The city's ethnic heritage illuminates different neighborhoods throughout the five boroughs. Manhattan's Chinatown remains a vibrant center of New York City's Chinese community, though in recent years the very large Chinese community in Flushing, Queens, has rivaled if not eclipsed it in importance, and three other Chinatowns have formed in New York City: the Brooklyn Chinatown in Sunset Park; the Elmhurst Chinatown in Queens; and the Avenue U Chinatown located in the Homecrest section of Brooklyn. Traces of the Lower East Side's once-thriving Jewish community still exist amid the newly-gentrified neighborhood's trendy restaurants and bars, but there are Chassidic communities in Borough Park, Crown Heights and Williamsburg, Brooklyn. Harlem has been gentrifying and diversifying and remains a center of African-American culture in New York. East (Spanish) Harlem still justifies its reputation as a large Hispanic neighborhood. Little known to most tourists are the large Dominican neighborhoods of Hamilton Heights and Washington Heights in upper Manhattan. Brooklyn's Greenpoint is famous for its large and vibrant Polish community, and the Flatbush section - once home to the Brooklyn Dodgers - is today a huge and thriving Caribbean and West Indian section. Queens and Brooklyn are known for being home to many of New York's more recent immigrant groups, which since 1990 have included large numbers of Russians, Uzbeks, Chinese, Irish, French, Filipinos, Yugoslavians, Indians, Pakistanis, Bangladeshis, Japanese, Koreans, Thais, Africans, Arabs (from throughout the Middle East and northern Africa), Mexicans, Dominicans, Ecuadorians, Brazilians, Colombians and Jamaicans.
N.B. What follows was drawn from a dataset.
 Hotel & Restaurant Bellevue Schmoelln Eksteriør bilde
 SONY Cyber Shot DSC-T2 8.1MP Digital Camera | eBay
New York City is home to 46 Fortune 500 companies. Its 2009 gross metropolitan product of $1.265 trillion was the largest of any American city and represented approximately 9% of the American economy. If it were a nation, the city would have the 16th-highest GDP in the world.
New York is the national center for several industries. It is the home of the three largest U.S. stock exchanges (NYSE, NASDAQ, and AMEX) and many banking and investment firms. Though these companies have traditionally been located in the area around Wall Street in Financial District, many have offices in other parts of the city, such as Midtown. New York is the hub of the country's publishing, fashion, accounting, advertising, media, legal, theater, and art industries. The city boasts several top-tier hospitals and medical schools, which train more physicians than those in any other city in the world.